→ **Exercise instructions**:
Reproduce the whole listing that follows, character for character, and drop the images.

→ **Available records**:
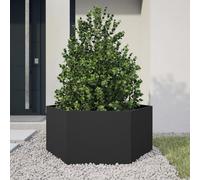 Générique Jardinière Noir hexagone 104x90x45 cm Acier,Maison & Jardin, Pelouses & Jardins, Jardinage, Pots & Cache-Pots, Noir (Poids 9.13KG)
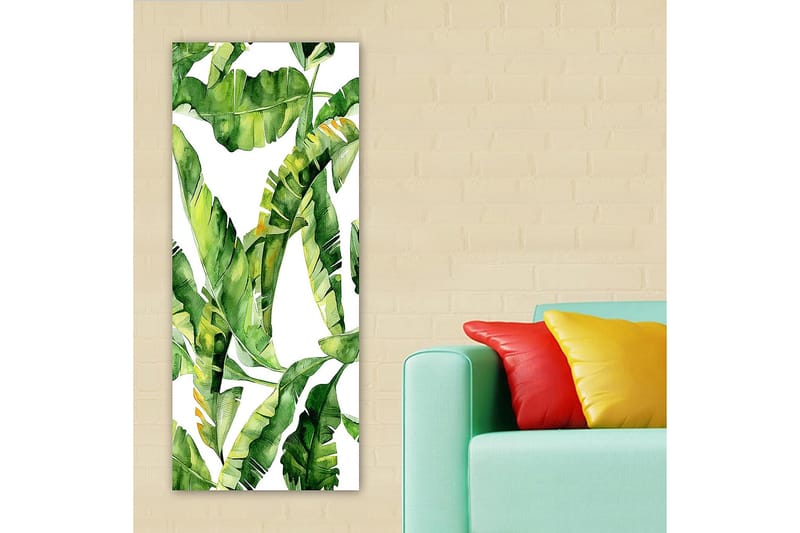 Canvasbilde DKY Floral & Botanical Flerfarget - 50x120 cm - Interiør - Maleri & posters - Lerretsbilder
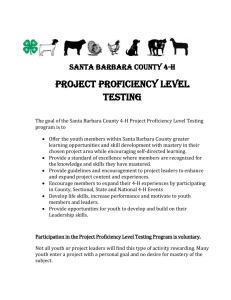 Project Proficiency Level Testing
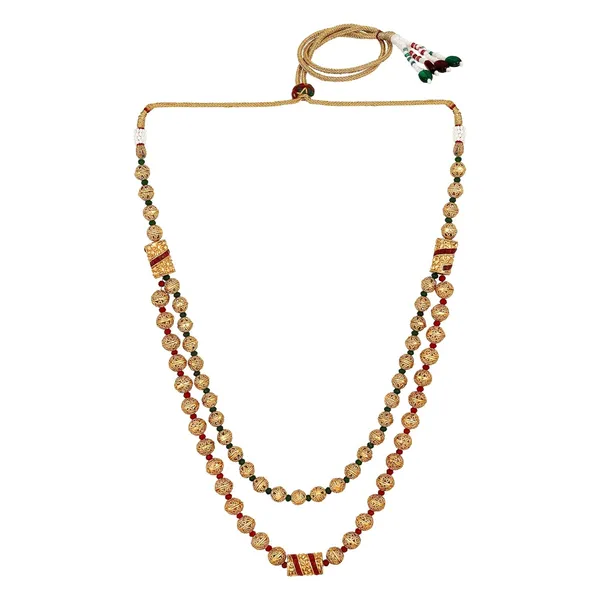 Gold_Plated_Stylish_Wedding_Style_Handcrafted_Long_Multi_Strand_Pearl_Jaipuri_Mala_Necklace_With_Earrings_Set_For_Women_And_Girls_Set_Of_1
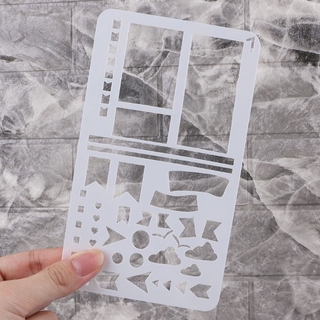 Bullet Journal Stencil Set Plastic Planner DIY Drawing Template Diary Craft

→ **Problem solution**:
 Générique Jardinière Noir hexagone 104x90x45 cm Acier,Maison & Jardin, Pelouses & Jardins, Jardinage, Pots & Cache-Pots, Noir (Poids 9.13KG)
 Canvasbilde DKY Floral & Botanical Flerfarget - 50x120 cm - Interiør - Maleri & posters - Lerretsbilder
 Project Proficiency Level Testing
 Gold_Plated_Stylish_Wedding_Style_Handcrafted_Long_Multi_Strand_Pearl_Jaipuri_Mala_Necklace_With_Earrings_Set_For_Women_And_Girls_Set_Of_1
 Bullet Journal Stencil Set Plastic Planner DIY Drawing Template Diary Craft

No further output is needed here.